• **YOUR OBJECTIVE**
Reproduce exactly, and only, the lines below from the one containing "Kesan kebakaran membabitkan" through the one containing "The Set watermark".

AVAILABLE DATA: Begin

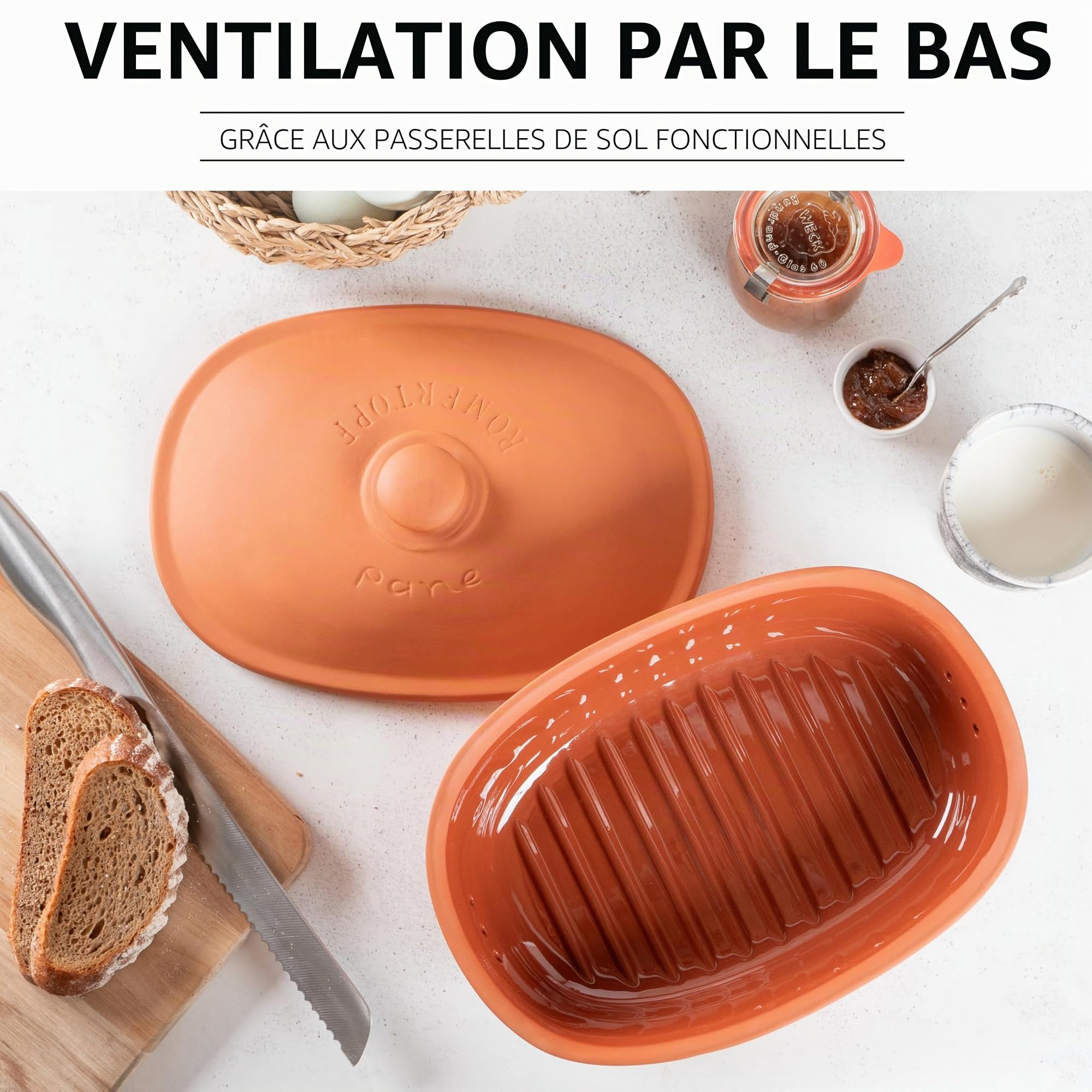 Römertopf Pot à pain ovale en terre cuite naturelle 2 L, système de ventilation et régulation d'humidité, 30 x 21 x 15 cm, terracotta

AVAILABLE DATA: End
AVAILABLE DATA: Begin

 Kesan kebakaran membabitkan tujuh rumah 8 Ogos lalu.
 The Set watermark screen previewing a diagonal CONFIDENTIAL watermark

AVAILABLE DATA: End

• **TASK RESPONSE**
 Kesan kebakaran membabitkan tujuh rumah 8 Ogos lalu.
 The Set watermark screen previewing a diagonal CONFIDENTIAL watermark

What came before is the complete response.